Kini mobil yang di tumpangi Aron sudah hancur tertembak, sementara Sheva semakin ketakutan hingga tubuhnya gemetar. Tampaknya rombongan pengawal Aron barusan tiba bersama Oskar. Saat melihat pengawalnya sudah mengambil alih untuk menembak, Aron segera menggendong Sheva untuk keluar dari dalam mobil menuju ke salah satu mobil yang sudah disediakan Oskar.

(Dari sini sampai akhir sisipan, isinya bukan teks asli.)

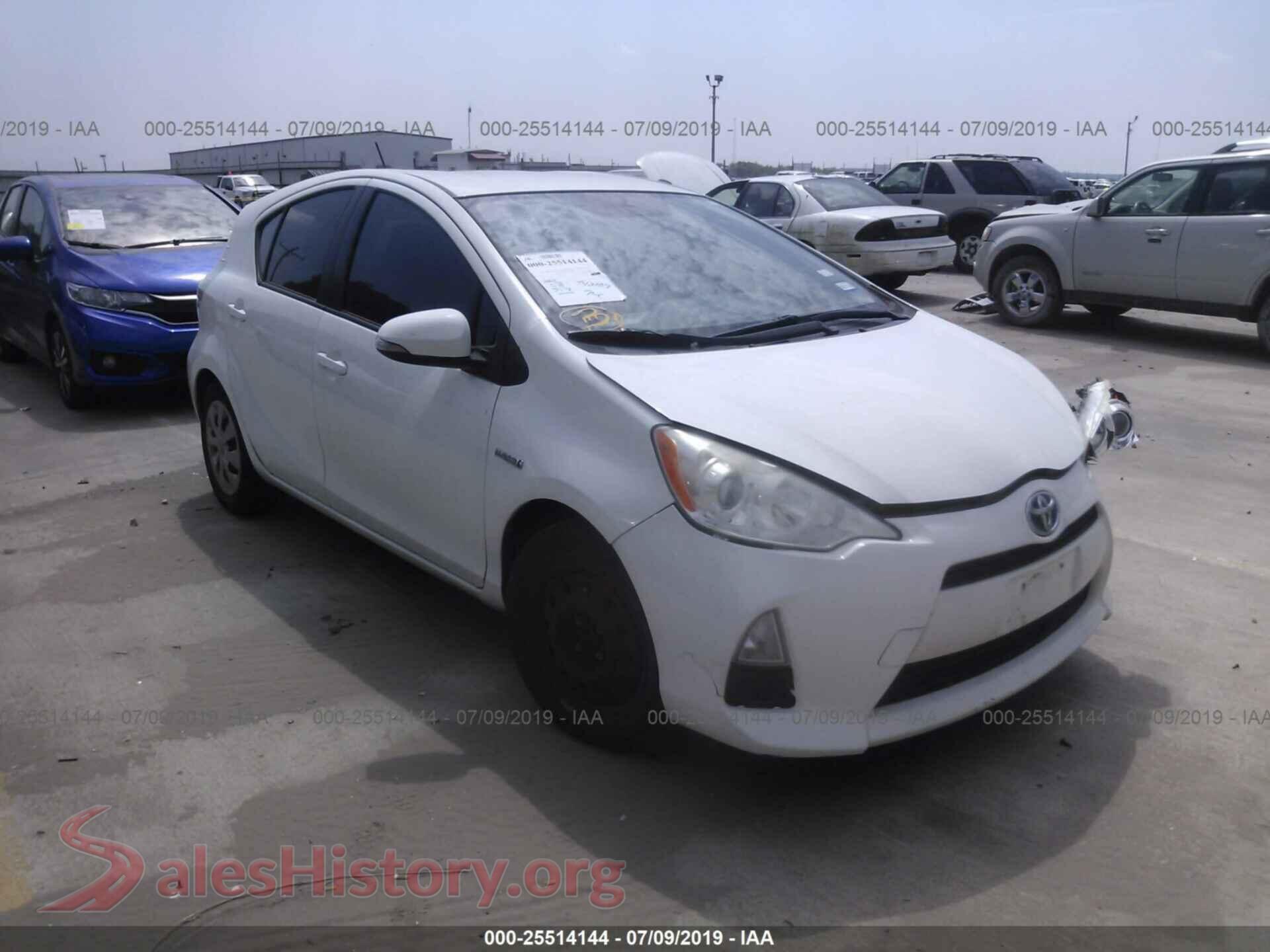 2012 TOYOTA PRIUS C — VIN JTDKDTB31C1000545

Baru beberapa langkah Aron berjalan, tiba-tiba sebuah peluru mengenai kakinya membuat Aron berhenti sejenak. Tidak tinggal diam saat melihat bossnya tertembak, Oskar segera memerintahkan pengawal untuk menghabisi musuh mereka.
Sementara Aron terus berjalan kearah mobil dengan menggendong Sheva. Aron tidak ingin hal lain melimpah Sheva maka dari itu ia sama sekali tidak mempedulikan rasa sakit dikakinya.
"Berangkat." Ucap Aron pada sopirnya sembari meringis menahan sakit.
Sheva membuka jas yang sedari tadi ia gunakan untuk menutup kepalanya dengan tangan gemetar. Ia menatap Aron yang terus meringis menahan sakit di kakinya.
Sheva semakin panik saat melihat kaki Aron yang kini penuh dengan darah. Bukannya membantu Aron menutupi luka agar tidak mengeluarkan banyak darah, Sheva malah menangis sejadi-jadinya dan langsung memeluk Aron dengan erat.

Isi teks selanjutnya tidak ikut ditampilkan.